I have recommended the demographer Lyman Stone many times, and the interview Razib Khan did with him this fall may be the best yet. We note that developed countries have progressively fewer children and conclude that rising income depresses fertility. But it is not so. That is only a mild correlation when isolated from other factors. The big drivers are education, urbanisation, and the long-term projected cost of children. He notes, for example, that South Korean culture expects that children will live with their parents until they can have a home of their own, and at the end of their twenties if they have not achieved that, the parents buy them a home. Knowing that this is the situation thirty years earlier raises the possible cost of each child, and reduces the desire to have too many. Even if they are married, they tend not to have children. Stone notes wryly "there is no birth control as good as having your parents down the hall."

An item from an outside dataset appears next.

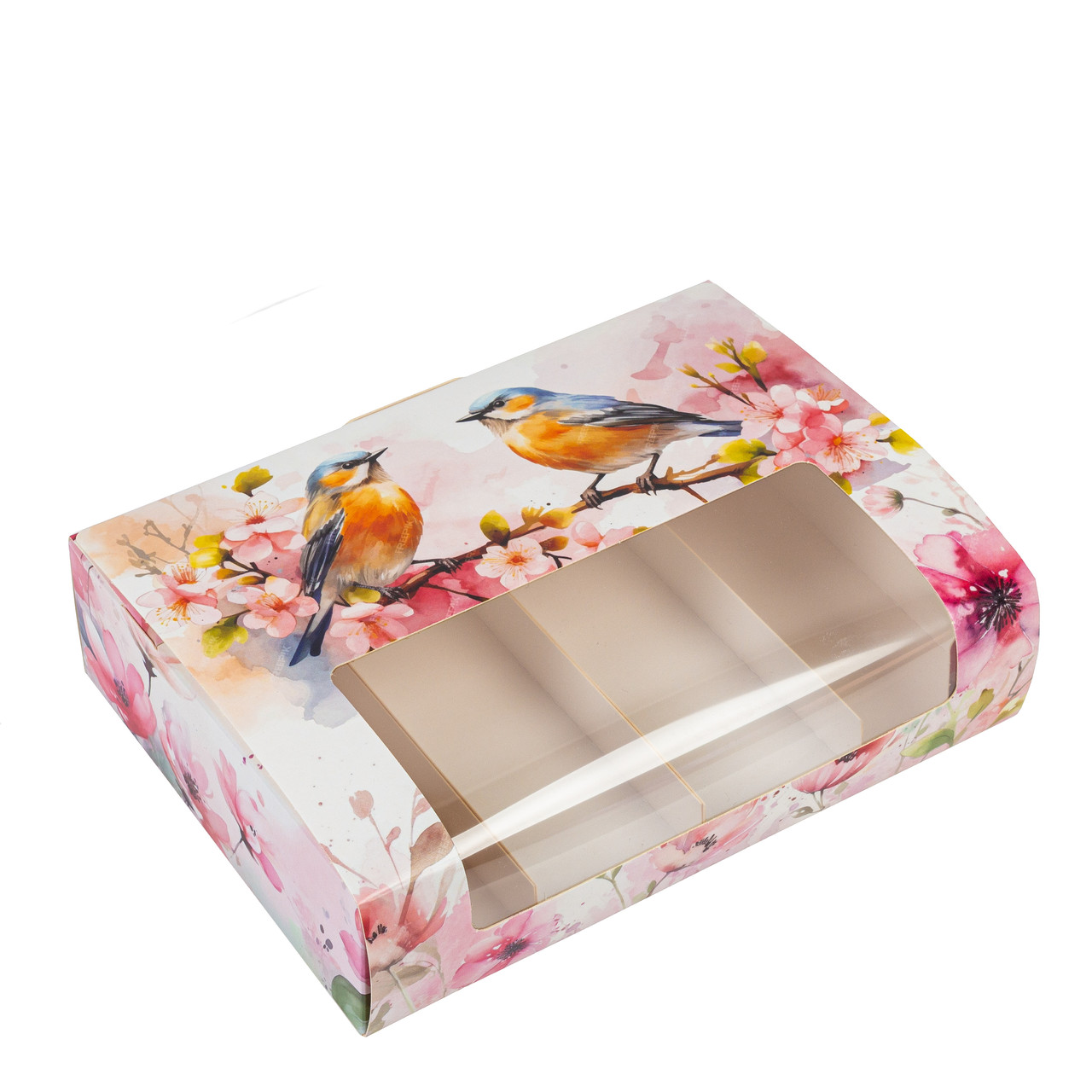 Коробка 210х150х50 (на 4 еклера) "Пташки" з вікном, фото 1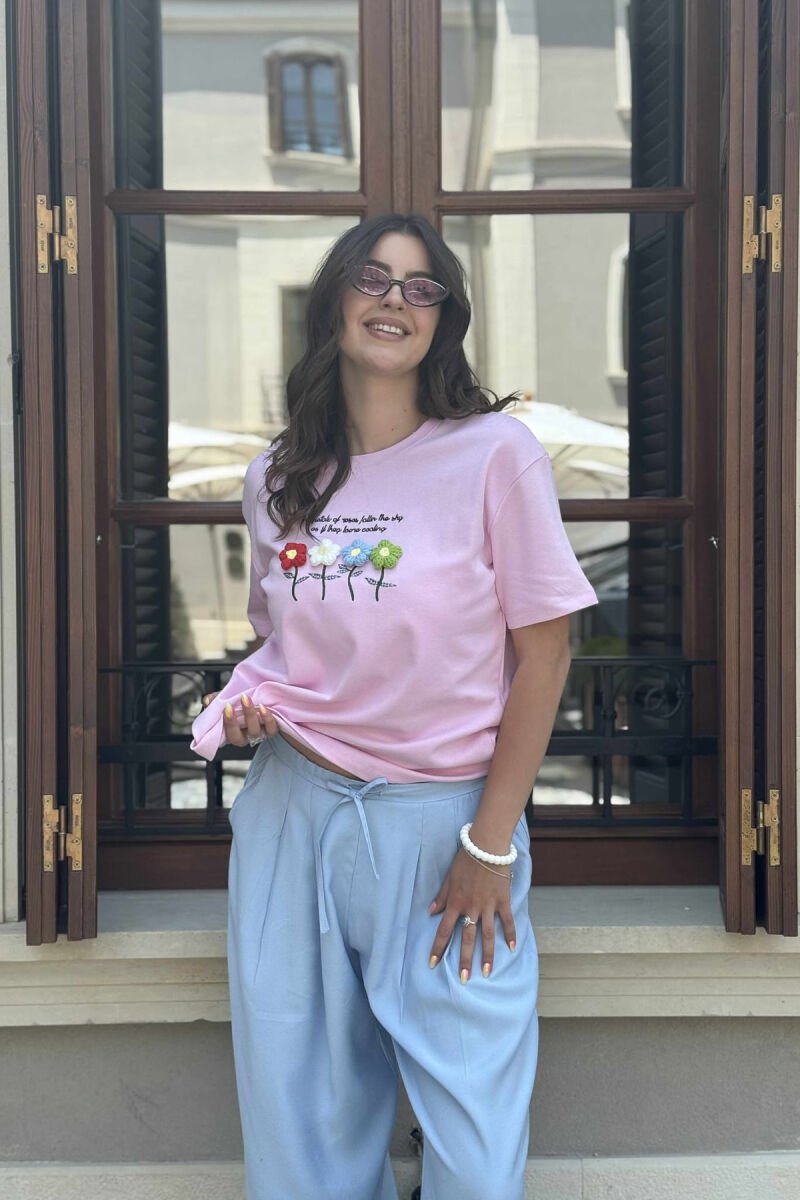KNITTED FLOWERS ONE COLOR ROUND NECK WOMEN T-SHIRT PINK/ROZE - 4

South Korea is now down to 0.6 children per woman, an insanely low and self-destructive norm. Since WWII they have become increasingly urbanised and educated, and the expectation for a person to "succeed" in some high-status job is now so enormous that people stay in school in fields they do not even like and give up all else in order to have this.
He notes that Chinese elites have a long tradition of few children per woman, and they have long been educated, urbanised, and expected to pay for expensive education/houses/dowries. The phenomenon was disguised by serial polygamy, so that elite men had many children, while the women had few.
Fascinating discussion start to finish.
Uncomfortable update. There is a full description of the forced attempts at heightened fertility in Romania under Ceausescu, and the horrible results of that. It includes some background I didn't know about how many of the children got put in orphanages. I'm not sharing this information with my middle sons. They deserve to forget as much as possible.